# [Exercise requirements]
In the answer, give the entries below exactly, from the first line through the line with "2025 Ford F-250", with every picture omitted.
BEGIN Material shown
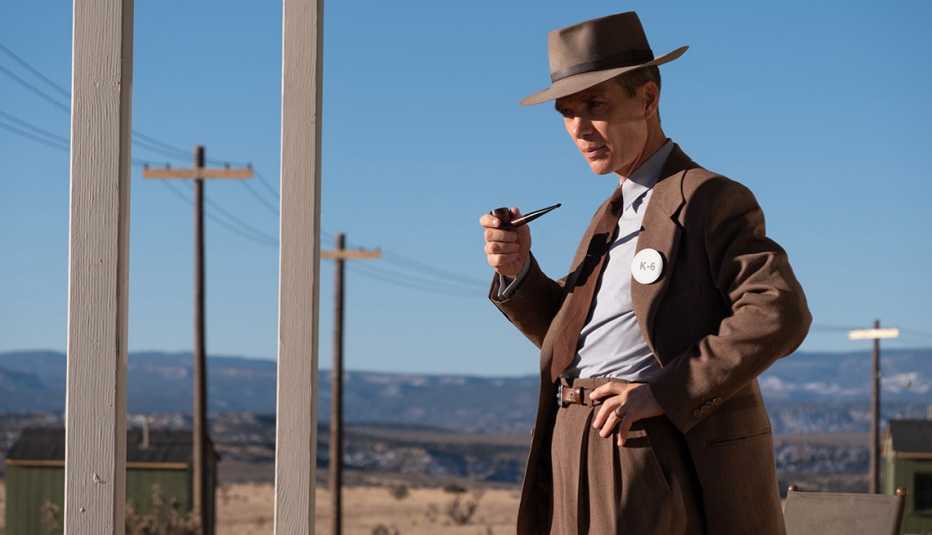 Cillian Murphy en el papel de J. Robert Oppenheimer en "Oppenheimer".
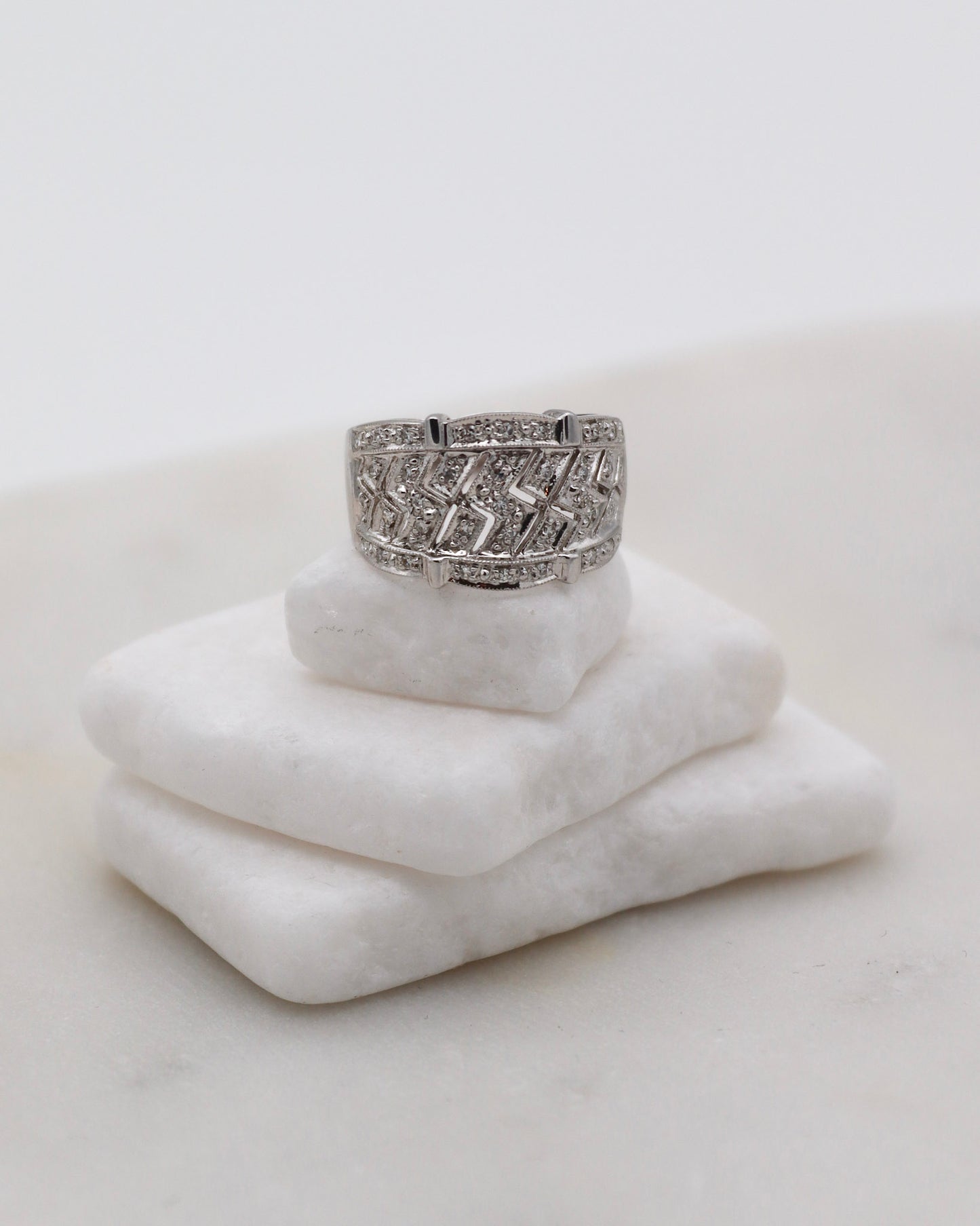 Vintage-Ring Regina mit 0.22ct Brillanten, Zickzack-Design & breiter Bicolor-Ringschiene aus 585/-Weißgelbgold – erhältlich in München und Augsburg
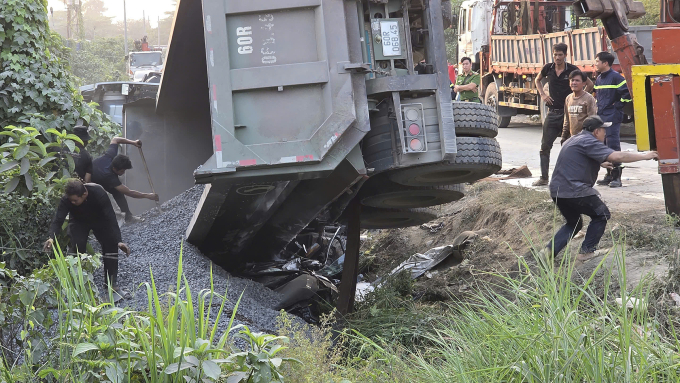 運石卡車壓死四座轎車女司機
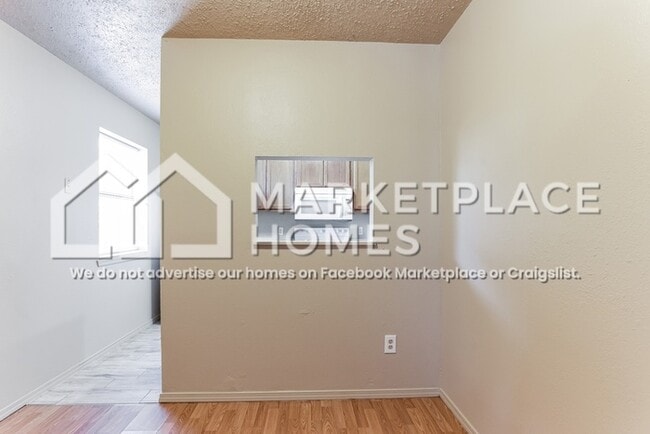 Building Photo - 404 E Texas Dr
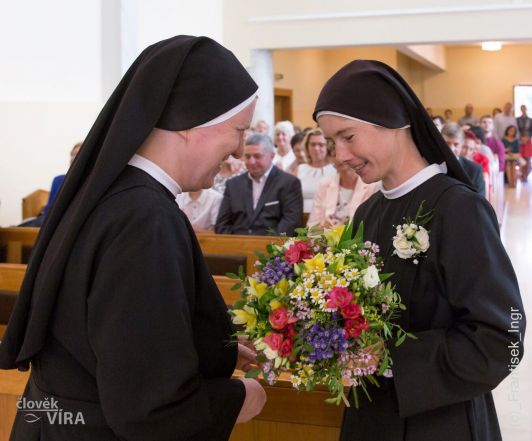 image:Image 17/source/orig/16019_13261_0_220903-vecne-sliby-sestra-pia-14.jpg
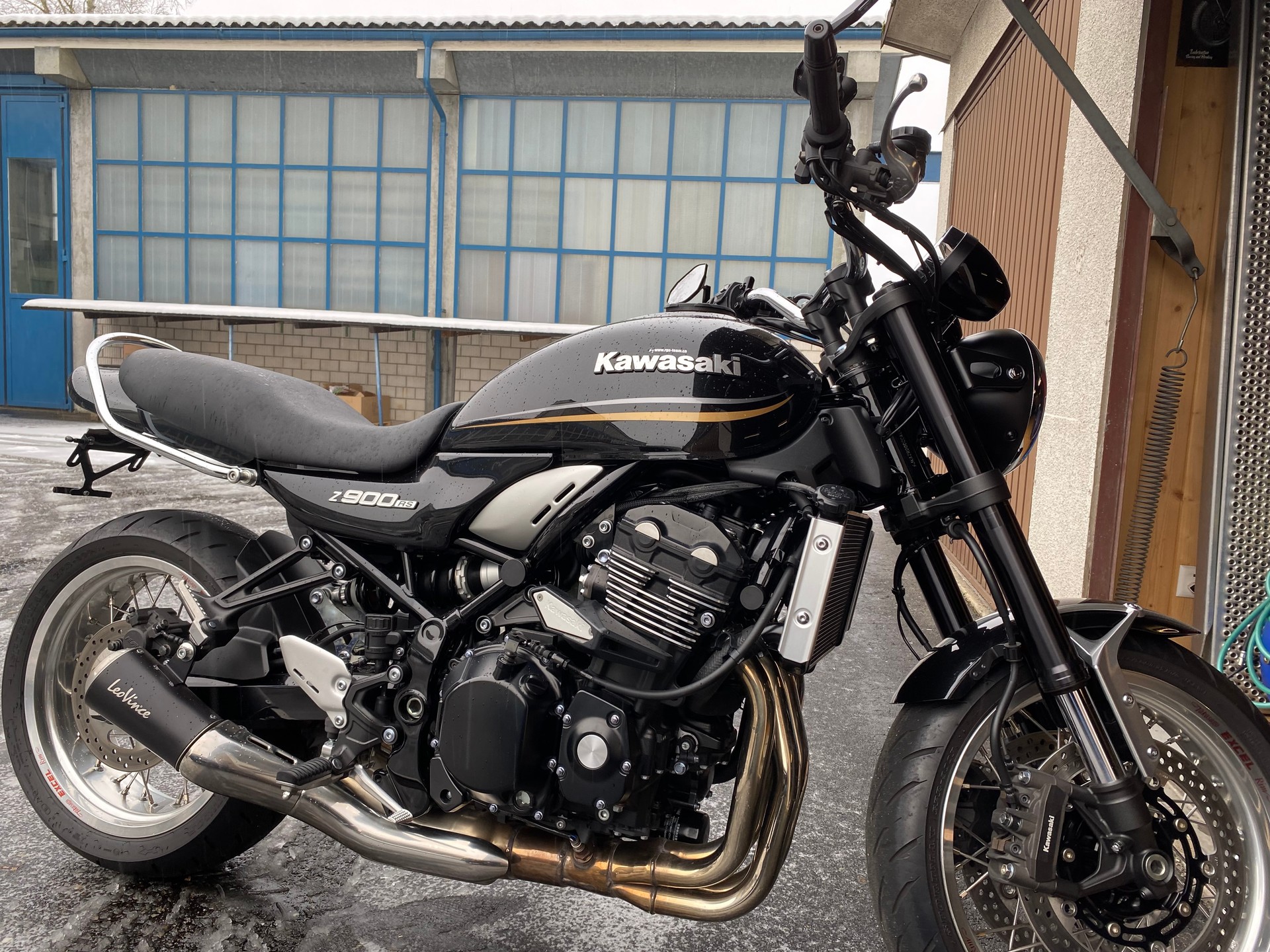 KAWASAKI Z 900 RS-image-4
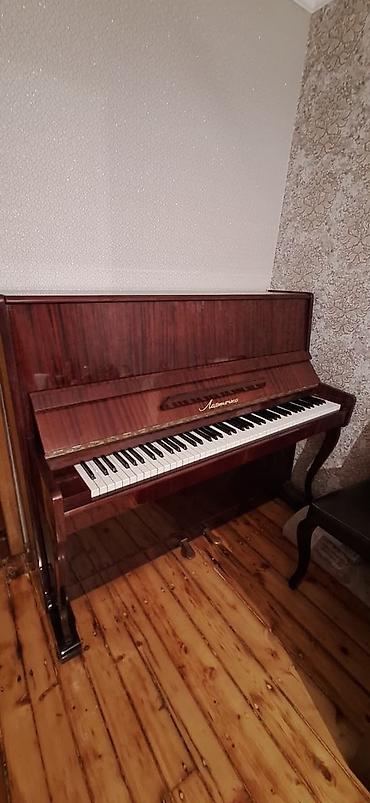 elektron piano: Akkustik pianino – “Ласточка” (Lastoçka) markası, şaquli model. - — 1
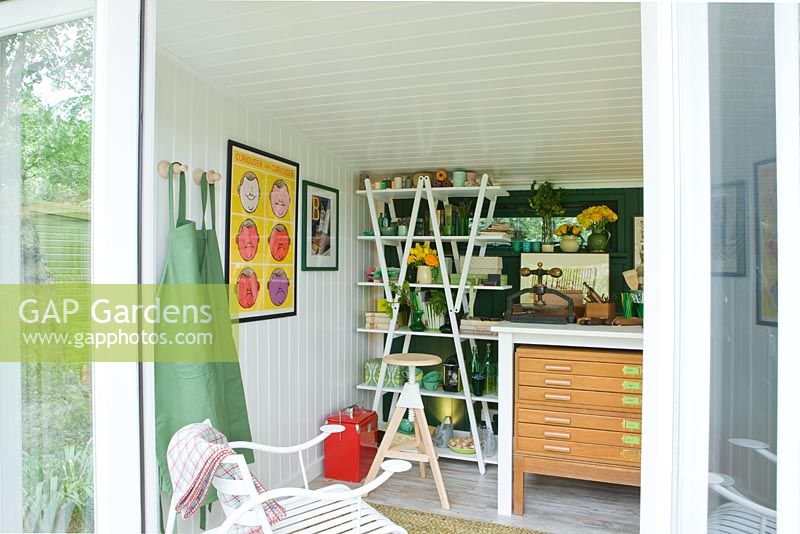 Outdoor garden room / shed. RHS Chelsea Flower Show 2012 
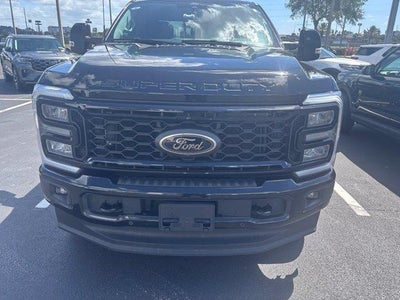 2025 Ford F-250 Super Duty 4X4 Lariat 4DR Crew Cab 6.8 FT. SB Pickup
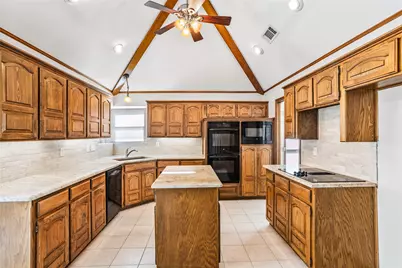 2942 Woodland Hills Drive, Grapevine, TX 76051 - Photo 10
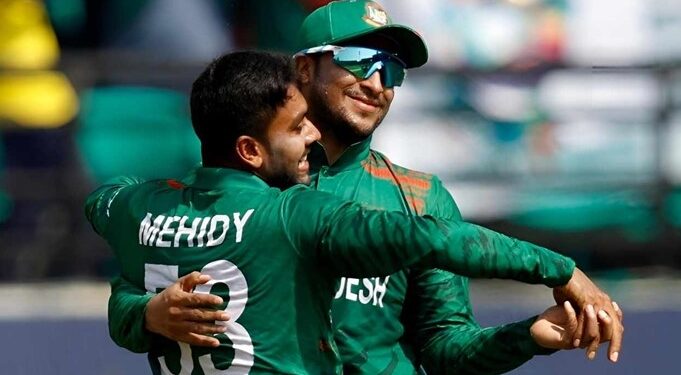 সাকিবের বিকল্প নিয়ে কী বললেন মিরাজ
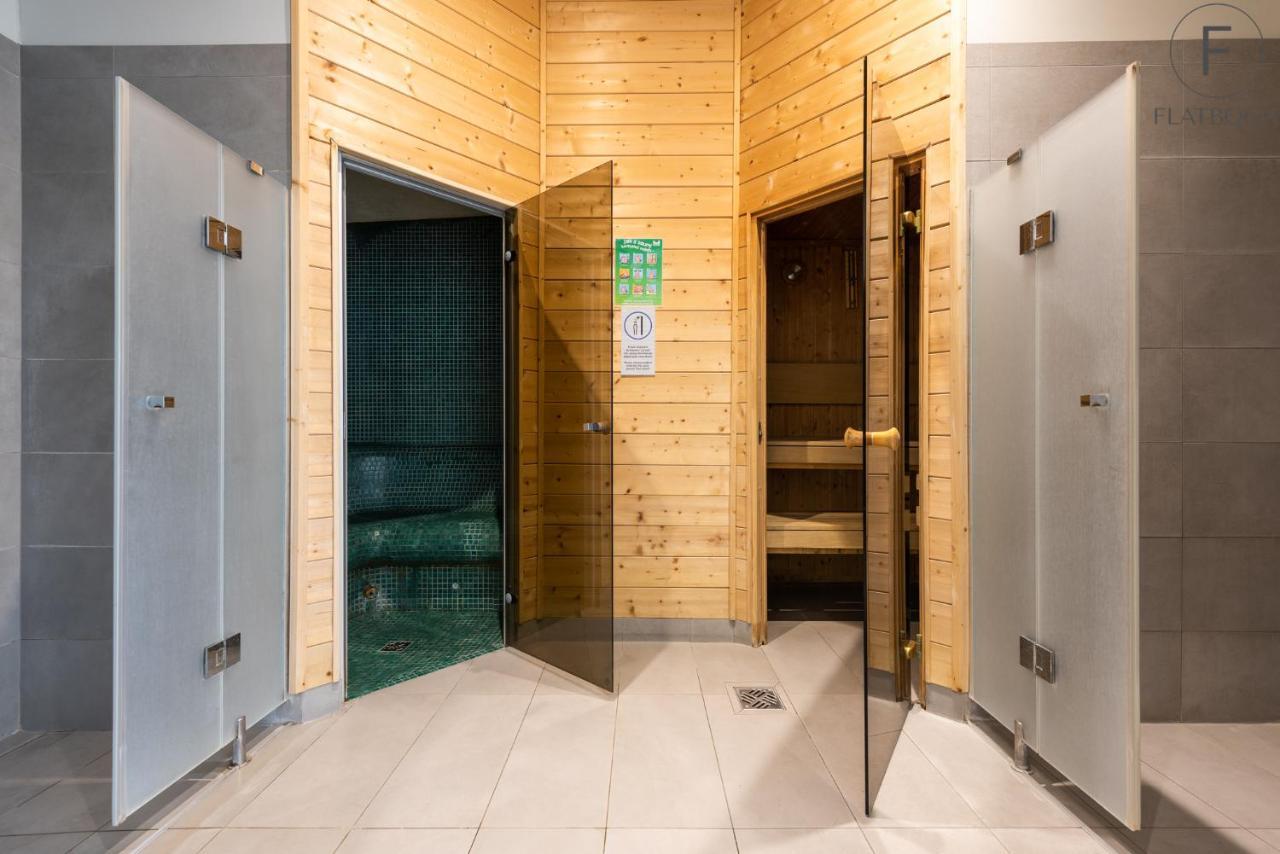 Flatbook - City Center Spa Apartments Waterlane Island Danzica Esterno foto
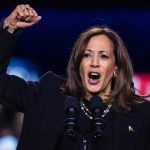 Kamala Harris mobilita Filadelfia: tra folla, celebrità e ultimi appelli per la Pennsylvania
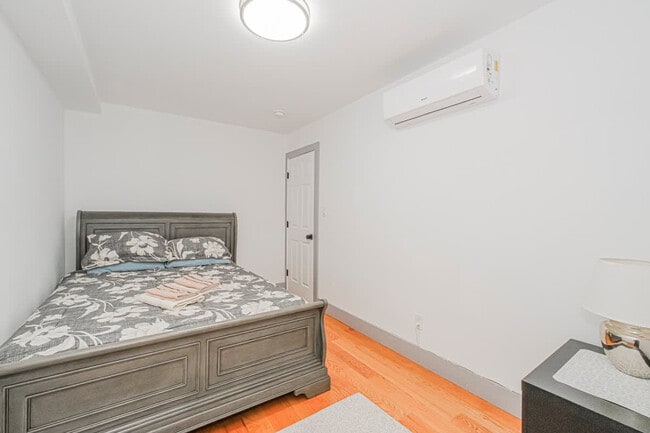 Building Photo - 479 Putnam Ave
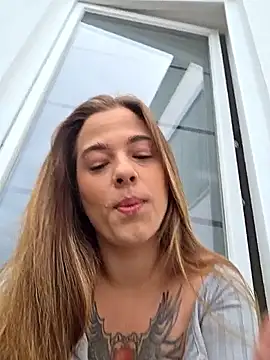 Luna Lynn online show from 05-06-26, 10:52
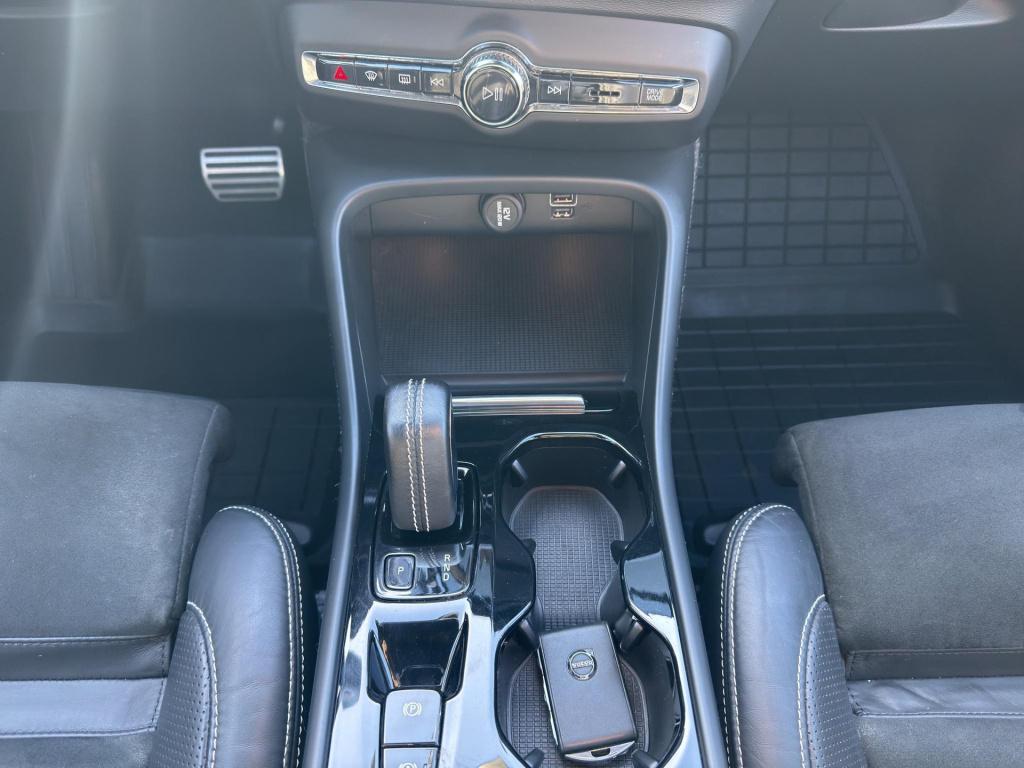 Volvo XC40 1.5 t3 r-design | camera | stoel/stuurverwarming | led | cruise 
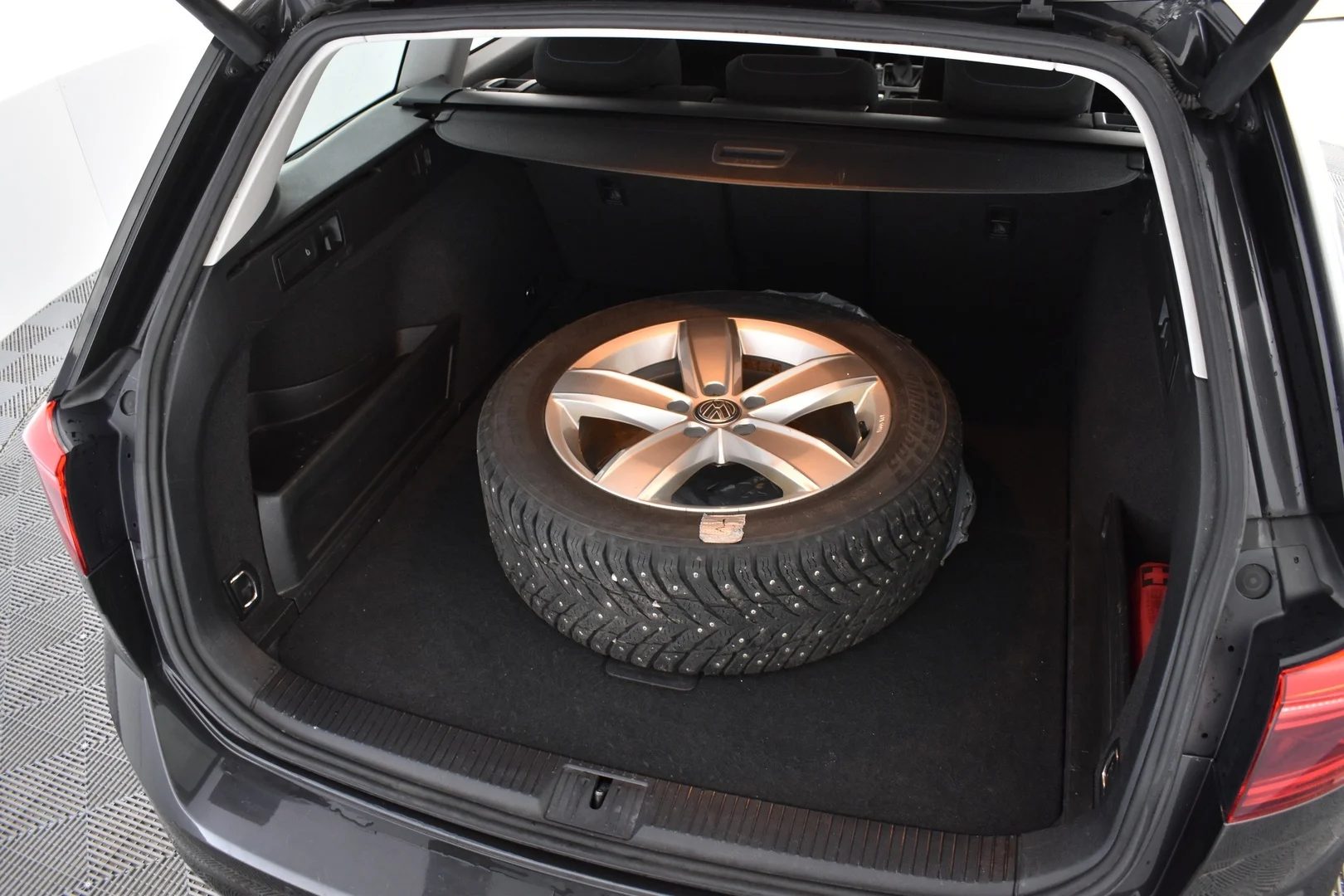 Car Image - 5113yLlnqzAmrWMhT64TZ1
END Material shown
# [Response to the task]
 Cillian Murphy en el papel de J. Robert Oppenheimer en "Oppenheimer".
 Vintage-Ring Regina mit 0.22ct Brillanten, Zickzack-Design & breiter Bicolor-Ringschiene aus 585/-Weißgelbgold – erhältlich in München und Augsburg
 運石卡車壓死四座轎車女司機
 Building Photo - 404 E Texas Dr
 image:Image 17/source/orig/16019_13261_0_220903-vecne-sliby-sestra-pia-14.jpg
 KAWASAKI Z 900 RS-image-4
 elektron piano: Akkustik pianino – “Ласточка” (Lastoçka) markası, şaquli model. - — 1
 Outdoor garden room / shed. RHS Chelsea Flower Show 2012 
 2025 Ford F-250 Super Duty 4X4 Lariat 4DR Crew Cab 6.8 FT. SB Pickup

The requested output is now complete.